Showing posts with label john matthias. Show all posts
Showing posts with label john matthias. Show all posts

Wednesday, January 14, 2009

Chicago Review: Rodefer!

Fans (oh yes, count me as one) of the ever-enthralling Stephen Rodefer would do well to grab a copy of the latest Chicago Review, which has an enormous feature on Rodefer – lots of stuff, including an interview with Rodefer, critical essays on his work by Keston Sutherland and David Georgi, two essays and four poems by Rodefer himself, a memoir by Fanny Howe and a checklist.

And there's more: poems by Rae Armantrout, Carl Phillips, Ange Mlinko, Endi Hartigan, John Tipton, Joanna Klink, Alice Notley, Paul Éluard (translated by Robert Huddleston) and Elizabeth Arnold.

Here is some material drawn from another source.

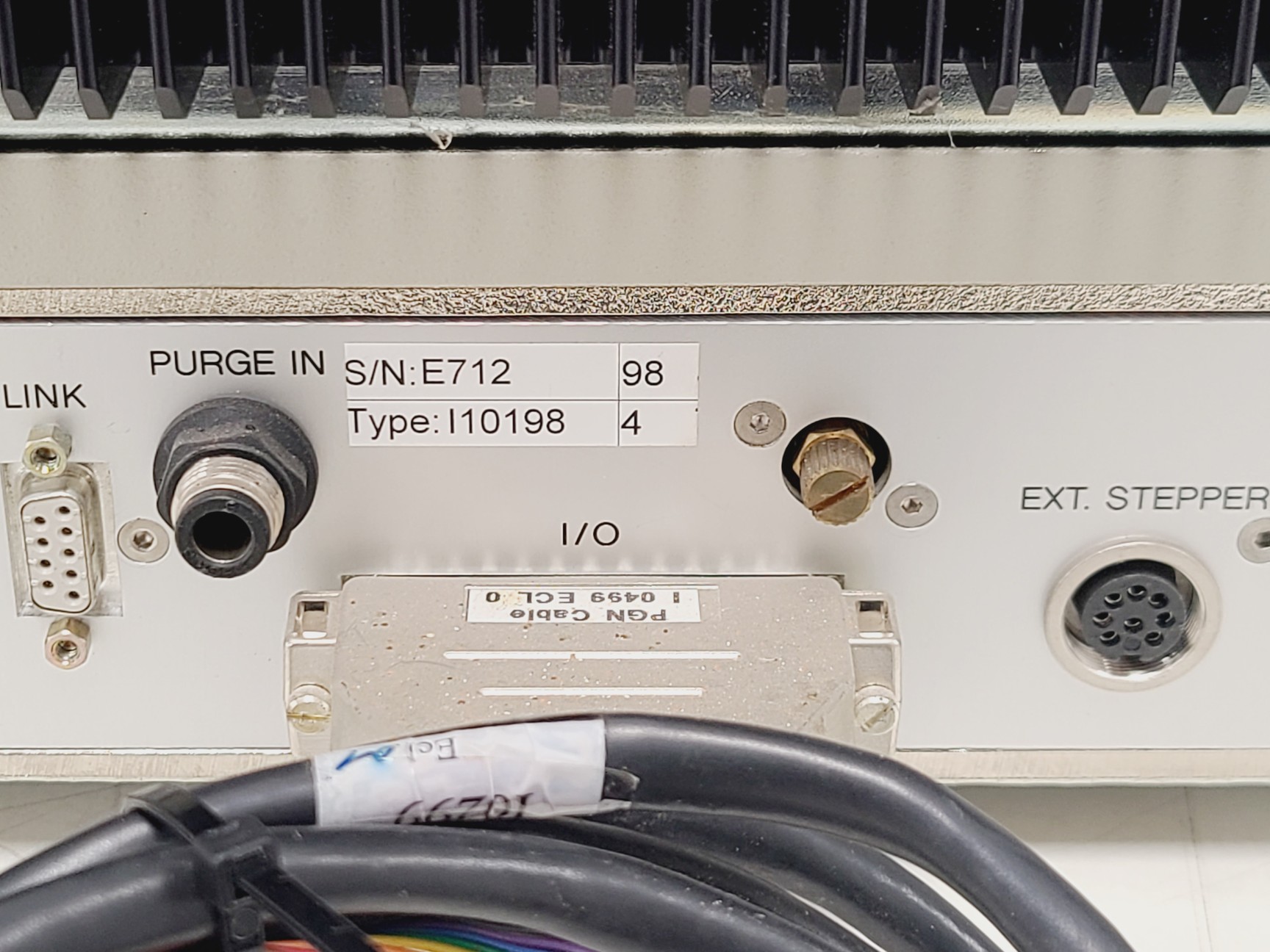 Image of Bruker Equinox 55 FTIR Spectrometer/Bruker FRA 106-S Raman Spectrometer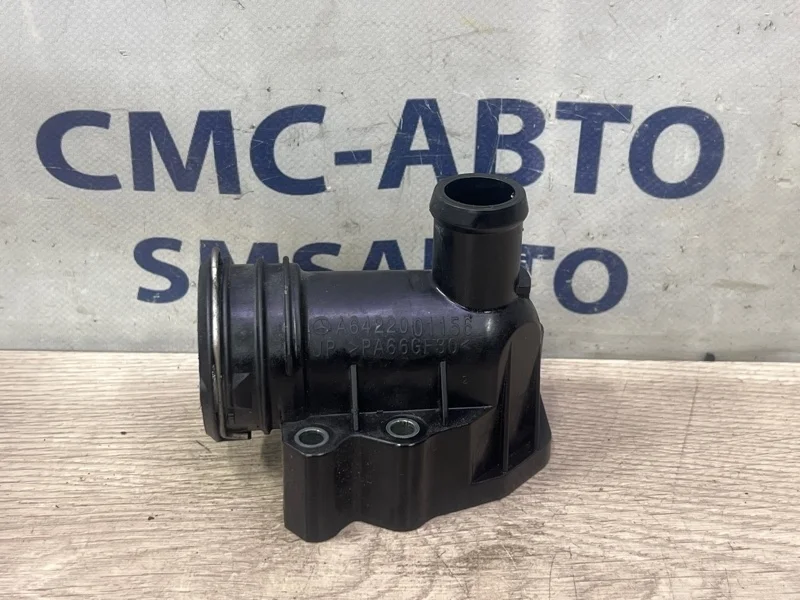 Фланец системы охлаждения Mercedes-Benz ML 2012 A6422001156 W166 642.826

And my own review of John Matthias's latest, strong collection, Kedging: New Poems.
***
A reminder to Britons, & those who might be drifting thru southern England late next week, that the place to be for the Zukofskynalia this year (that's 23 January, Zukofsky's birthday – 105 if you're counting) is the University of Sussex, where their Centre for Modernist Studies'll be celebrating the event with a performance – by Sean Bonney, Ken Edwards, Daniel Kane and Francesca Beasley, with Kerry Yong on harpsichord – of "A"-24. There'll also be talks by Harry Gilonis, Jeff Hilson, the indispensible Jeff Twitchell-Waas, and Tim Woods. 

And by yr. humble blogger, as well. Someone tell me what the weather's like there; should I bring socks?

Saturday, September 13, 2008

John Matthias: Kedging: New Poems

Kedging: New Poems, John Matthias (Salt, 2007)

[42/100]

Matthias is one of the last true-blue high modernists, along with a handful of others, including Christopher Middleton & John Peck. And he's the most quotational, referential, & paratactic of the lot – in short, the most Poundian (or David Jonesian). Happily, he long ago cured himself of the Poundian-Olsonian urge to Make the World a Better Place Thru Poetry, & can turn the machinery of association to the ends of instruction (we learn lots of stuff in these poems, about lots of sometimes arcane matters) and delight – and they're lots of fun, the big "Laundry Lists and Manifestoes" & "Kedging in Time," poems that form the core of this new collection. High spirits abound, but shot thru with moments of piercing melancholia.

[A shorter note on Matthias than I'd prefer, but my full-length review of Kedging will be in the next Chicago Review.]